Hajj Hassan : L’industrie libanaise doit être mise au premier plan, tout comme le tourisme ou le secteur bancaire.
« La production et l'industrie sont le reflet du développement d'une nation et les pays développés sont ceux qui affichent une balance industrielle excédentaire », a affirmé le ministre de l'Industrie, Hussein Hajj Hassan. Ses propos ont été tenus hier lors d'une cérémonie de remise de diplômes à des industriels, organisée par l'Institut de recherche industrielle (IRI) et le Centre libanais de production propre, en coopération avec l'Onudi et l'ambassade d'Autriche. « Notre objectif est donc de développer le secteur industriel au Liban, mais à de faibles coûts, pour pouvoir rester compétitifs, tout en respectant les normes de développement durable, pour préserver notre environnement », a-t-il affirmé. « Il nous faudrait adopter la production durable pour éviter d'épuiser nos matières premières, diminuer les effets de la pollution et mieux contrôler les prix », a ajouté M. Hajj Hassan.

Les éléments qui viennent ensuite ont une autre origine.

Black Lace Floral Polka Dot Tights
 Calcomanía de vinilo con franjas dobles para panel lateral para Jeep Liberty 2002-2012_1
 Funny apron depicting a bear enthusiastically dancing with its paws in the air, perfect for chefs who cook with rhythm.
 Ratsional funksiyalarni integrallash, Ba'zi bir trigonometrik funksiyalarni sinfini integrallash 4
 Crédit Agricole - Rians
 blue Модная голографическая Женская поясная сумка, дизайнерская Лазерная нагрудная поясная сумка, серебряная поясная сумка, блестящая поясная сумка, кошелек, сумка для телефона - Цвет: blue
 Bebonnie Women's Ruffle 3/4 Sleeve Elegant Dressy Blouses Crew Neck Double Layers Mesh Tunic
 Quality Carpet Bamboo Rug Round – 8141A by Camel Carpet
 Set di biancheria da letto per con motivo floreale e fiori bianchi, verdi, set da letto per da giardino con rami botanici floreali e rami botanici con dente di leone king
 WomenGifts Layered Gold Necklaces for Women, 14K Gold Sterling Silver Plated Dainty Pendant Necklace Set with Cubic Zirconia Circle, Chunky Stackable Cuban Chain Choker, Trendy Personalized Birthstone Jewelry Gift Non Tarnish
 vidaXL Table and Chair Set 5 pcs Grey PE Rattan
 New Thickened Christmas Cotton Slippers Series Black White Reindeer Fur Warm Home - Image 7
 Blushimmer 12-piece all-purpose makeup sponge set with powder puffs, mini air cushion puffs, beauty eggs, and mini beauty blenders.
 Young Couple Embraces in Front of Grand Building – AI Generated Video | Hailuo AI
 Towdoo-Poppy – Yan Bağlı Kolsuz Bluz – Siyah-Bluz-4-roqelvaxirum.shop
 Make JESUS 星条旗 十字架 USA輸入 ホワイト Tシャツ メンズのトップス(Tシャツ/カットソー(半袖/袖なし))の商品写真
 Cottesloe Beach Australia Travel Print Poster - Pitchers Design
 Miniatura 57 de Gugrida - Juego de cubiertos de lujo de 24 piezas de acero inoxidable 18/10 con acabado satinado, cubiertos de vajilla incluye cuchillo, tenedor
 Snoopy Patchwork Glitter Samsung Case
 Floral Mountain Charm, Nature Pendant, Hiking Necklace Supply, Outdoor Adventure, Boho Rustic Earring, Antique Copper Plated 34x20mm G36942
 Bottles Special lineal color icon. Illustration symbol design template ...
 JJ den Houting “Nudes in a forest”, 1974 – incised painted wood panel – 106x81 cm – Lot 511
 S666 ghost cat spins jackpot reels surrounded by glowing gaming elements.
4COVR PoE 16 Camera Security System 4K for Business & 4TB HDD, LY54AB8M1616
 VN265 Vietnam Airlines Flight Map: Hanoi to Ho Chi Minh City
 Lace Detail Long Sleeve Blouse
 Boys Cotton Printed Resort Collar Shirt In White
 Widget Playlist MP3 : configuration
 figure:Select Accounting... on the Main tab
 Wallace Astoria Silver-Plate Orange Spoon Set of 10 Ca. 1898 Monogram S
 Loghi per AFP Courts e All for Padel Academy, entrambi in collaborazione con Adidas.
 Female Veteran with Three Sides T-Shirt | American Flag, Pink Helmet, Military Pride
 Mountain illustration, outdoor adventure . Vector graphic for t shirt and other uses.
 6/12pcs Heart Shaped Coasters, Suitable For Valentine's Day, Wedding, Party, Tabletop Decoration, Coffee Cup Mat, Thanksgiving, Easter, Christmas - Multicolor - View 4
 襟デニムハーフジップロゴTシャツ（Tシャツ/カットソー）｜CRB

Le ministre a par ailleurs mis l'accent sur la nécessité d'appliquer « un commerce plus égalitaire avec le reste du monde ». « Nous cherchons à développer nos relations commerciales bilatérales, mais à condition que les pays partenaires ouvrent véritablement leurs marchés et n'usent pas du protectionnisme sous prétexte de quelconques normes de sécurité », a insisté M. Hajj Hassan. Selon lui, l'industrie libanaise a besoin d'un plan global et doit être mise au premier plan, tout comme le tourisme, le secteur bancaire ou d'autres secteurs centrés sur les services. « Sans l'industrie et l'agriculture, le Liban ne peut assurer une croissance globale et régénératrice, et perdrait beaucoup d'opportunités d'emploi », a indiqué le ministre de l'Industrie. Il a enfin insisté sur la nécessité de réduire les coûts de production, « en adoptant une nouvelle politique immobilière et en réduisant les coûts énergétiques ».